If set to 1, turns on Disable Page Out.

emulate_fua_read

If set to 1, enables Force Unit Access read.

emulate_fua_write

If set to 1, enables Force Unit Access write.

emulate_model_alias

If set to 1, uses the back-end device name for the model alias.

emulate_pr

If set to 0, support for SCSI Reservations, including Persistent Group Reservations, is disabled. While disabled, the SES iSCSI Gateway can ignore reservation state, resulting in improved request latency.

Tip
Tip

Setting backstore_emulate_pr to 0 is recommended if iSCSI initiators do not require SCSI Reservation support.

emulate_rest_reord

If set to 0, the Queue Algorithm Modifier has Restricted Reordering.

emulate_tas

If set to 1, enables Task Aborted Status.

emulate_tpu

If set to 1, enables Thin Provisioning Unmap.

emulate_tpws

If set to 1, enables Thin Provisioning Write Same.

emulate_ua_intlck_ctrl

If set to 1, enables Unit Attention Interlock.

emulate_write_cache

If set to 1, turns on Write Cache Enable.

enforce_pr_isids

If set to 1, enforces persistent reservation ISIDs.

is_nonrot

If set to 1, the backstore is a non-rotational device.

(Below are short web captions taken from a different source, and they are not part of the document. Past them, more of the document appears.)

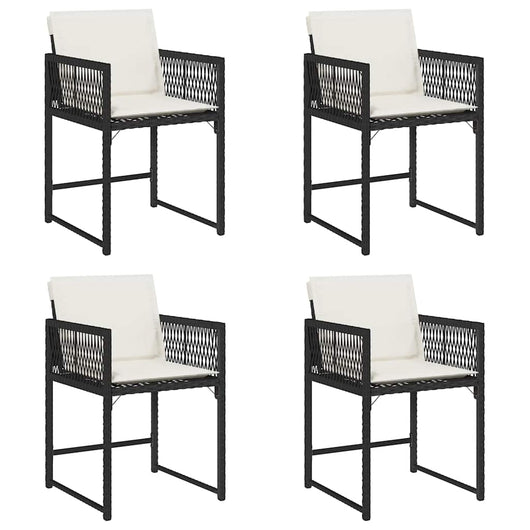 vidaXL Sedie da Giardino con Cuscini 4 pz Nere in Polyrattan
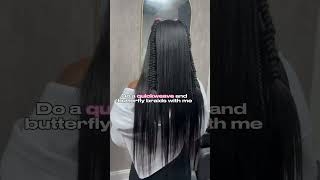 Quickweave  Butterfly braids 🦋 braids quickweaves quickweave braidtutorial hairtutorial [upl. by Ennagem]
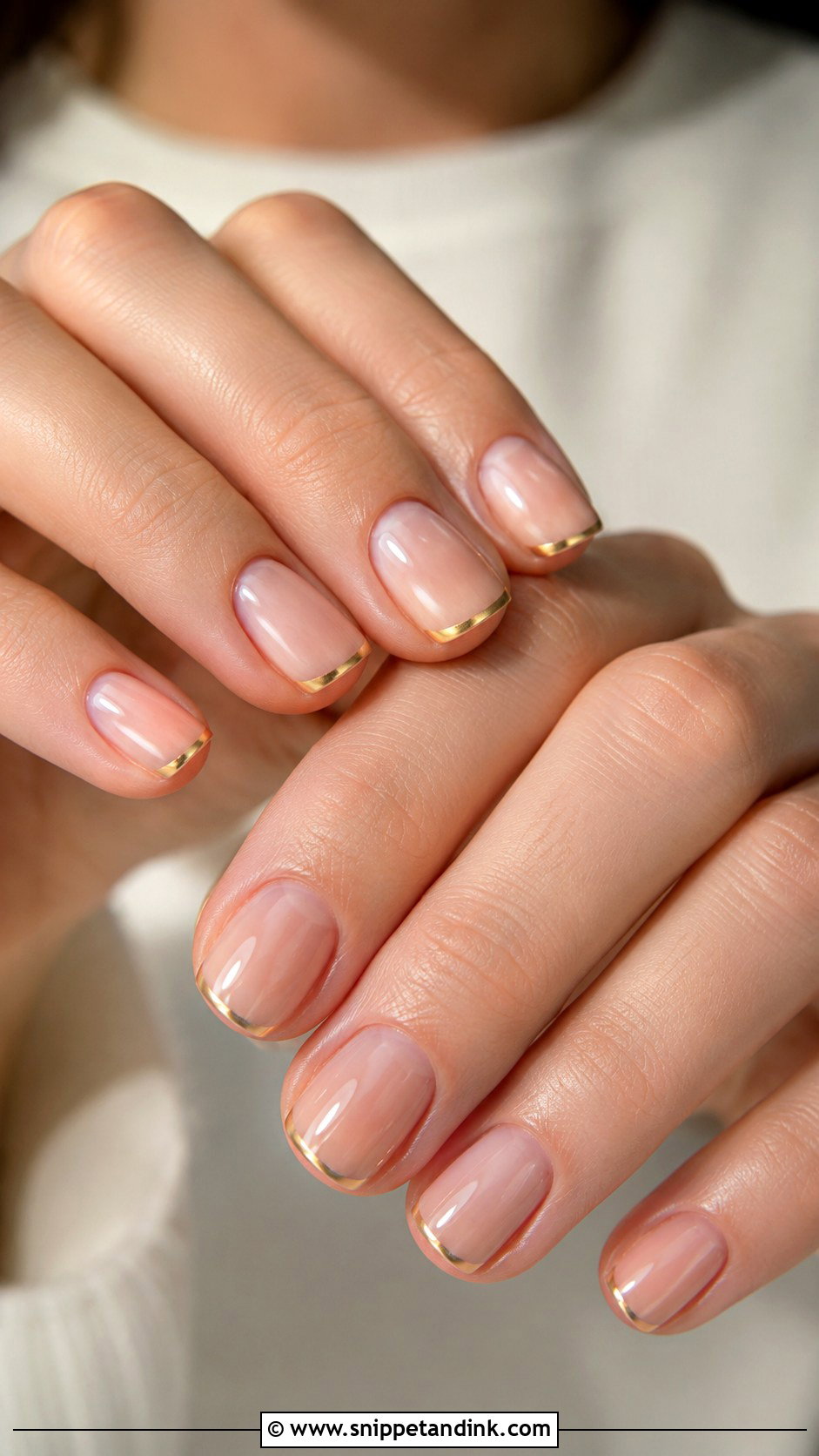 Short Gold French Tip Nails - Snippet and Ink - 20 Short Wedding Guest Nails
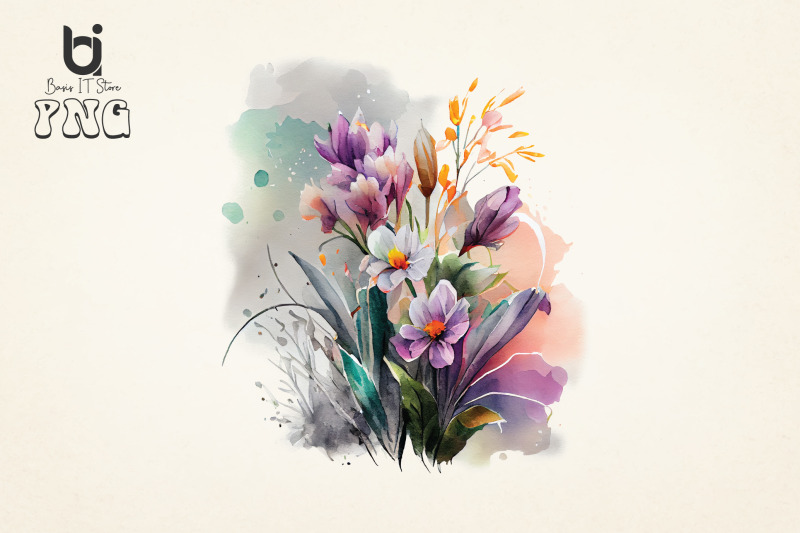 spring-floral-watercolor-sublimation-png-design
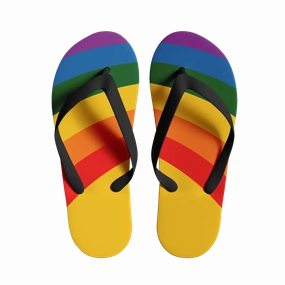 Personalized Pride Moon Flip Flop, Custom LGBTQ  Rainbow Moon Slippers, Stylish Unisex Flip Flop Clear Wedge Flip Flops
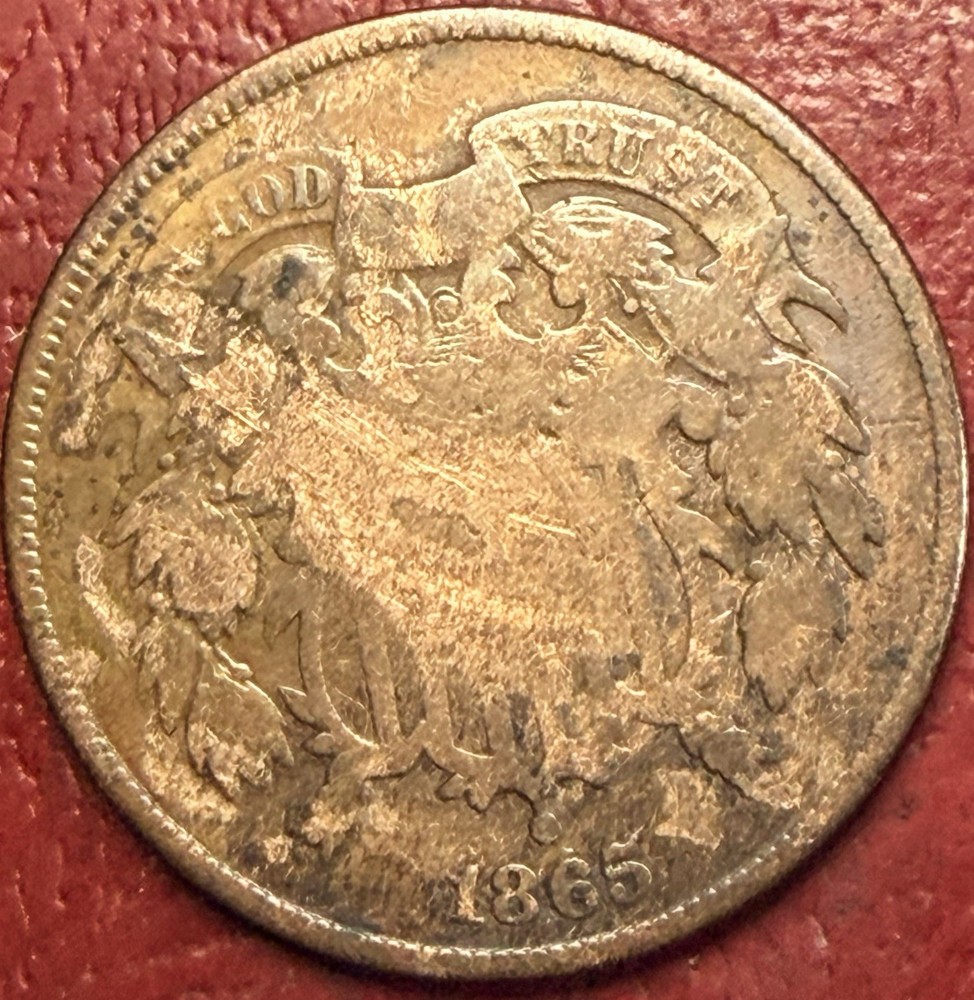 1865 Two Cent Piece. Better Grade. Free Shipping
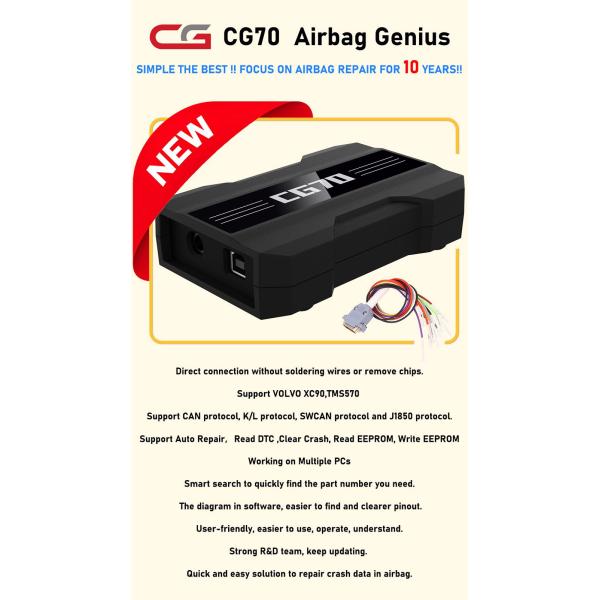 CGDI CG70 SRS Reset Tools Original Clear Fault Codes One Key No Welding No Disassembly Suit For Multi Cars Диагностический костюм для нескольких автомобилей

max_unmap_block_desc_count

Maximum number of block descriptors for UNMAP.

max_unmap_lba_count:

Maximum number of LBAs for UNMAP.

max_write_same_len

Maximum length for WRITE_SAME.

optimal_sectors

Optimal request size in sectors.

pi_prot_type

DIF protection type.

queue_depth

Queue depth.

unmap_granularity

UNMAP granularity.

unmap_granularity_alignment

UNMAP granularity alignment.

force_pr_aptpl

When enabled, LIO will always write out the persistent reservation state to persistent storage, regardless of whether the client has requested it via aptpl=1. This has no effect with the kernel RBD back-end for LIO—it always persists PR state. Ideally, the target_core_rbd option should force it to '1' and throw an error if someone tries to disable it via configuration.

unmap_zeroes_data

Affects whether LIO will advertise LBPRZ to SCSI initiators, indicating that zeros will be read back from a region following UNMAP or WRITE SAME with an unmap bit.

9.1.5 Exporting RADOS Block Device images using tcmu-runner

The ceph-iscsi supports both rbd (kernel-based) and user:rbd (tcmu-runner) backstores, making all the management transparent and independent of the backstore.

Warning
Warning: Technology preview

tcmu-runner based iSCSI Gateway deployments are currently a technology preview.

Unlike kernel-based iSCSI Gateway deployments, tcmu-runner based iSCSI Gateways do not offer support for multipath I/O or SCSI Persistent Reservations.

To export an RADOS Block Device image using tcmu-runner, all you need to do is specify the user:rbd backstore when attaching the disk:

gwcli >  /disks> attach rbd/testvol backstore=user:rbd
Note
Note

When using tcmu-runner, the exported RBD image must have the exclusive-lock feature enabled.